In [4]:
import polars as pl
import optuna
from catboost import CatBoostRegressor
import numpy as np

from src.util.constants import DATA_PATH, META_MODEL_PERFORMANCE, FIXED_CB_PARAMETERS
from src.util.common import load_from_pickle, mean_grouped_spearman_correlation, save_as_pickle

In [5]:
selected_features = load_from_pickle(DATA_PATH / 'results/selected_features.pkl')
required_columns = ['era', 'target'] + selected_features

df_train_list = []
df_validate_list = []
for fold in range(2):
    df_train_fold = pl.read_parquet(f"{DATA_PATH}/folds/df_train_{fold}.parquet")
    df_validate_fold = pl.read_parquet(f"{DATA_PATH}/folds/df_validate_{fold}.parquet")

    df_train_fold = df_train_fold.select(required_columns)
    df_validate_fold = df_validate_fold.select(required_columns)

    df_train_list.append(df_train_fold)
    df_validate_list.append(df_validate_fold)
    del df_train_fold, df_validate_fold


df_meta_model = pl.read_parquet(f'{DATA_PATH}/folds/df_meta_model.parquet')
df_meta_model = df_meta_model.select(required_columns + ['numerai_meta_model'])

In [6]:
def performance_approximation(model: CatBoostRegressor, fold: int) -> tuple[float, float, float, float]:
    df_validate_fold = df_validate_list[fold]

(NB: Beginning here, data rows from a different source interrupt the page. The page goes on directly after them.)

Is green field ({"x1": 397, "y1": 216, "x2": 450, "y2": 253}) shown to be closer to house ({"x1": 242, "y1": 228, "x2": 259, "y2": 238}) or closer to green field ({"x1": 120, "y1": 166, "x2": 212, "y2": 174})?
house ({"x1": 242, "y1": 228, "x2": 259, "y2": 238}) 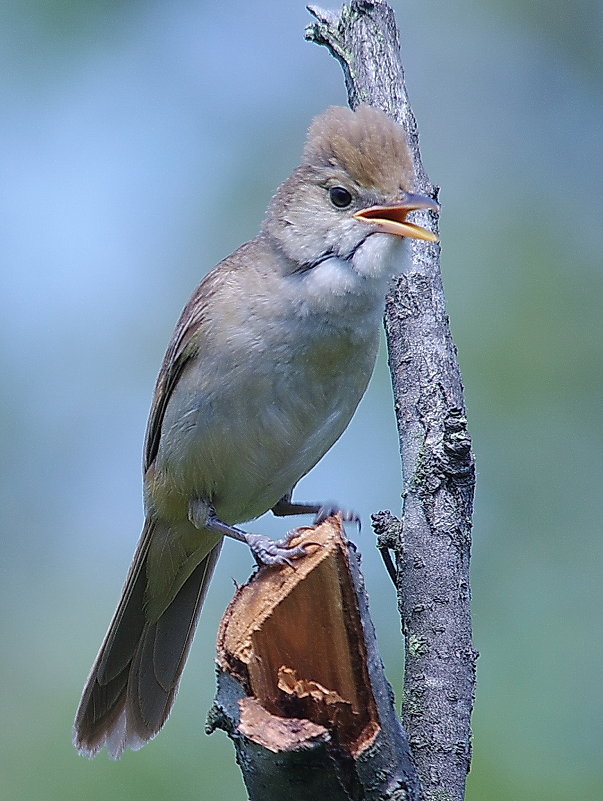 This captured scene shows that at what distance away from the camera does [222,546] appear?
5.12 meters

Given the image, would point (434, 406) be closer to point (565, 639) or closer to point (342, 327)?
point (342, 327)

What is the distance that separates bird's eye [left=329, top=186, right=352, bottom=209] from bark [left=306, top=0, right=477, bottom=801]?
10.7 inches

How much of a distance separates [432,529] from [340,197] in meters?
1.27

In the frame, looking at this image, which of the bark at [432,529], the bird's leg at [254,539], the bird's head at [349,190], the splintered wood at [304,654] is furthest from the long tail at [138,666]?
the splintered wood at [304,654]

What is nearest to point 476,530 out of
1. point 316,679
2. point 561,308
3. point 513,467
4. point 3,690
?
point 513,467

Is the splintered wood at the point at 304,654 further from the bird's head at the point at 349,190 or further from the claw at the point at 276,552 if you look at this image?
the bird's head at the point at 349,190

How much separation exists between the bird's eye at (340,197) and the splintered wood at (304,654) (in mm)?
1452

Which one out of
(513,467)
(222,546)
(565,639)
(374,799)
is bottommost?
(374,799)

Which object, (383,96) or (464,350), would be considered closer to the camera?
(383,96)

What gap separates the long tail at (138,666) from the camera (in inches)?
186

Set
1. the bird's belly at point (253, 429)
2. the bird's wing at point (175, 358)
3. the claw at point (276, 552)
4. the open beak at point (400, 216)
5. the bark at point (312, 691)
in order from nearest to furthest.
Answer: the bark at point (312, 691) < the claw at point (276, 552) < the open beak at point (400, 216) < the bird's belly at point (253, 429) < the bird's wing at point (175, 358)

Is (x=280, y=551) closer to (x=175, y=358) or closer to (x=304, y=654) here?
(x=304, y=654)

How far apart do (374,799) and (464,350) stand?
3.39 m

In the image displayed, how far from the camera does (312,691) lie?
2.70 metres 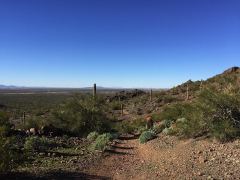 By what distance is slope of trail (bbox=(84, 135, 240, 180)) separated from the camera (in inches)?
456

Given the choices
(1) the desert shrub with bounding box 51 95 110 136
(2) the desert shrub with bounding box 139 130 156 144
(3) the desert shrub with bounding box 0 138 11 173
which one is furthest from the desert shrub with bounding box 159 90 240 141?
(1) the desert shrub with bounding box 51 95 110 136

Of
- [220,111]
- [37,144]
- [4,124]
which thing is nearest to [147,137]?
[220,111]

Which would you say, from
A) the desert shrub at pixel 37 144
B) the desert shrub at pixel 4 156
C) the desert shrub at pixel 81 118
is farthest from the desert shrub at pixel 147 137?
the desert shrub at pixel 4 156

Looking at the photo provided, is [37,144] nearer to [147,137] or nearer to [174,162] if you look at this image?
[147,137]

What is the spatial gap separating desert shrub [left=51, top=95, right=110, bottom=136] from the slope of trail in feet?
21.4

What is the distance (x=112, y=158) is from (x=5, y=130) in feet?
15.9

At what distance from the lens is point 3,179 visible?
36.3 feet

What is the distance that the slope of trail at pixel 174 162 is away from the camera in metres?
11.6

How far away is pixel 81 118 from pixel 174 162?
10.2m

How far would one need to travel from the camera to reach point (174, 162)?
13.2 meters

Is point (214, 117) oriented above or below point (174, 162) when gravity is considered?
above

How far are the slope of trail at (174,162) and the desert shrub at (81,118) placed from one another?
6.52 meters

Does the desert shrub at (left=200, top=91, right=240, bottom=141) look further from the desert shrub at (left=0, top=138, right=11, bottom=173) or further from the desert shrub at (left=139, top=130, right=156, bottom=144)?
the desert shrub at (left=0, top=138, right=11, bottom=173)

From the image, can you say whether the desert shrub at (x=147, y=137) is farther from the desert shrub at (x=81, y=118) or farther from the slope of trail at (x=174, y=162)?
the desert shrub at (x=81, y=118) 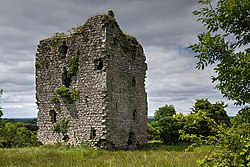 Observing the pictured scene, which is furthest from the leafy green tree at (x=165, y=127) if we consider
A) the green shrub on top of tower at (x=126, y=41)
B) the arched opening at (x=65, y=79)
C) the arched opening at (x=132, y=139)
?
the arched opening at (x=65, y=79)

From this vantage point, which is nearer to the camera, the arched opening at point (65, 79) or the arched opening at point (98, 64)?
the arched opening at point (98, 64)

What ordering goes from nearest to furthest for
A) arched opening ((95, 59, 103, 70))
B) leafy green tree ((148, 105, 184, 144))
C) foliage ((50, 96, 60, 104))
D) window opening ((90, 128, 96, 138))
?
window opening ((90, 128, 96, 138)) < arched opening ((95, 59, 103, 70)) < foliage ((50, 96, 60, 104)) < leafy green tree ((148, 105, 184, 144))

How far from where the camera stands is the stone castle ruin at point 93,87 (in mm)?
21750

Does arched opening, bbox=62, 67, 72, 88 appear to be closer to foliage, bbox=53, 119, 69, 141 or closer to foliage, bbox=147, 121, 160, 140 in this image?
foliage, bbox=53, 119, 69, 141

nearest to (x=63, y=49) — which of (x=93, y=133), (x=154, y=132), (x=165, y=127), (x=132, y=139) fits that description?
(x=93, y=133)

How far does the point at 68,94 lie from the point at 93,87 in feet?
7.53

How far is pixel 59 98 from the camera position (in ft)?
78.3

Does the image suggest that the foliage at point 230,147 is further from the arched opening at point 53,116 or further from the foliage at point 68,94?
the arched opening at point 53,116

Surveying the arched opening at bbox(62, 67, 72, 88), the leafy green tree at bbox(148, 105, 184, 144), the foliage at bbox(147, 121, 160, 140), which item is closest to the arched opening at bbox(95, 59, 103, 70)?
the arched opening at bbox(62, 67, 72, 88)

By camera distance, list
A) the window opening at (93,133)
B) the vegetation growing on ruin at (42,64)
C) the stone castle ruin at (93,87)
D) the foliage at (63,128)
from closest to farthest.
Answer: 1. the stone castle ruin at (93,87)
2. the window opening at (93,133)
3. the foliage at (63,128)
4. the vegetation growing on ruin at (42,64)

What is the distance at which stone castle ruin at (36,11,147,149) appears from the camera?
2175cm

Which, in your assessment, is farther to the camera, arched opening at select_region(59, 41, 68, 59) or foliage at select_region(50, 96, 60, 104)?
arched opening at select_region(59, 41, 68, 59)

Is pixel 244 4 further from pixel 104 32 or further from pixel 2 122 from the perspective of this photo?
pixel 104 32

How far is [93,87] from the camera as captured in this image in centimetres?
2198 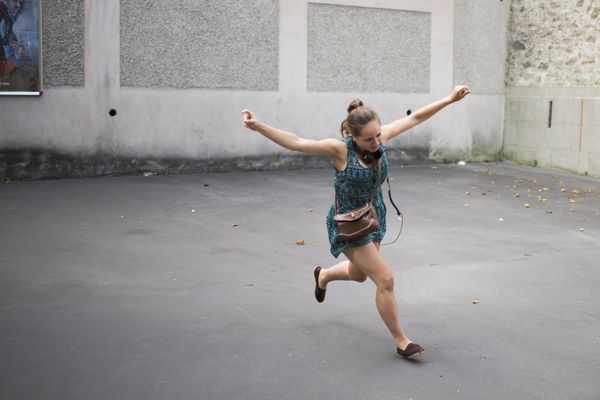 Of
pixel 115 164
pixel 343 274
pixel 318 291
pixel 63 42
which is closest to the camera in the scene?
pixel 343 274

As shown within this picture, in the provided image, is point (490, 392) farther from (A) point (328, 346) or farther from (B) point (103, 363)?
(B) point (103, 363)

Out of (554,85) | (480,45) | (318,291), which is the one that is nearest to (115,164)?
(480,45)

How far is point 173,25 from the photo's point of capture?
13477 mm

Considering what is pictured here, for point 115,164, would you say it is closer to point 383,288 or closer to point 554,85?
point 554,85

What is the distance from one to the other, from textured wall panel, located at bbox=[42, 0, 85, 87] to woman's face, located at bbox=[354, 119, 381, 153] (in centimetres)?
894

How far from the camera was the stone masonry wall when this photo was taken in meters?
14.5

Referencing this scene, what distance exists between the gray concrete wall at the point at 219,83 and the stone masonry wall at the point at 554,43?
1.41 ft

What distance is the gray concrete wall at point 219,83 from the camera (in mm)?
12836

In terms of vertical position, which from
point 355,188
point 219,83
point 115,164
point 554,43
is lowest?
point 115,164

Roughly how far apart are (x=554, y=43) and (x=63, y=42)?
8729 millimetres

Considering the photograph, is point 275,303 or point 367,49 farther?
point 367,49

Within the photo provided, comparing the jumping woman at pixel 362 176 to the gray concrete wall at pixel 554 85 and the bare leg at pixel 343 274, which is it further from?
Answer: the gray concrete wall at pixel 554 85

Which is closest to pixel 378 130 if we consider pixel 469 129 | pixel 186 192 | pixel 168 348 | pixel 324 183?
pixel 168 348

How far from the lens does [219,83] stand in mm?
14023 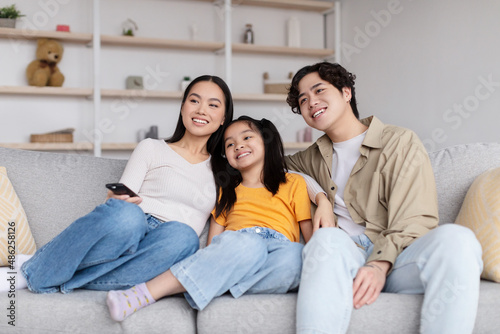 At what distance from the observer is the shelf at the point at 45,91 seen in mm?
3887

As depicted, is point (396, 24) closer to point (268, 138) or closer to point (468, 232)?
point (268, 138)

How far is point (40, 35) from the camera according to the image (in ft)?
13.1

    corr = mean_grouped_spearman_correlation(
        pl.Series(model.predict(df_validate_fold[selected_features].to_pandas())),
        df_validate_fold['target'],
        df_validate_fold['era']
    )

    df_mm_corr = pl.DataFrame({
        'prediction': pl.Series(model.predict(df_meta_model[selected_features].to_pandas())),
        'numerai_meta_model': df_meta_model['numerai_meta_model'],
        'era': df_meta_model['era']
    })
    corr_w_mm = df_mm_corr.select(
        pl.corr("prediction", "numerai_meta_model", method="spearman")
        .over('era', mapping_strategy='explode')
    ).mean().item()

    mmc_approximation = corr - corr_w_mm * META_MODEL_PERFORMANCE[fold]
    performance = .75 * corr + 2.25 * mmc_approximation

    return performance, corr, corr_w_mm, mmc_approximation

In [7]:
def objective(trial: optuna.trial.Trial) -> float:
    # we use these exponents to create a log scale that includes zero
    l2_leaf_reg_exponent = trial.suggest_int("l2_leaf_reg_exponent", 0, 10)
    parameter_sample = {
        "learning_rate": trial.suggest_float("learning_rate", .001, .2, log=True),
        "iterations": trial.suggest_int("iterations", 10, 5000),
        'border_count': trial.suggest_int('border_count', 2 ** 3 - 1, 2 ** 10 - 1, log=True),
        "depth": trial.suggest_int("depth", 2, 12),
        "subsample": trial.suggest_float("subsample", .1, 1.0),
        "rsm": trial.suggest_float("rsm", .1, 1.0),
        "min_data_in_leaf": trial.suggest_int("min_data_in_leaf", 10, 500000, log=True),
        "l2_leaf_reg": (10 ** l2_leaf_reg_exponent - 1) / 10 ** 5,
    }

    parameters = {
        **FIXED_CB_PARAMETERS,
        **parameter_sample
    }

    result_performance = []

    for fold in range(2):
        model = CatBoostRegressor(**parameters)
        model.fit(
            X=df_train_list[fold][selected_features].to_pandas(),
            y=df_train_list[fold]['target'].to_pandas()
        )

        performance, corr, corr_w_mm, mmc_approximation = performance_approximation(model, fold)
        trial.set_user_attr(f"performance_{fold}", performance)
        trial.set_user_attr(f"correlation_{fold}", corr)
        trial.set_user_attr(f"correlation_with_meta_model_{fold}", corr_w_mm)
        trial.set_user_attr(f"mmc_approximation_{fold}", mmc_approximation)
        print(f'Results for fold {fold}: Performance {performance:.5f}, correlation: {corr:.5f}, correlation with meta model: {corr_w_mm:.5f}, MMC (approx.): {mmc_approximation:.5f}')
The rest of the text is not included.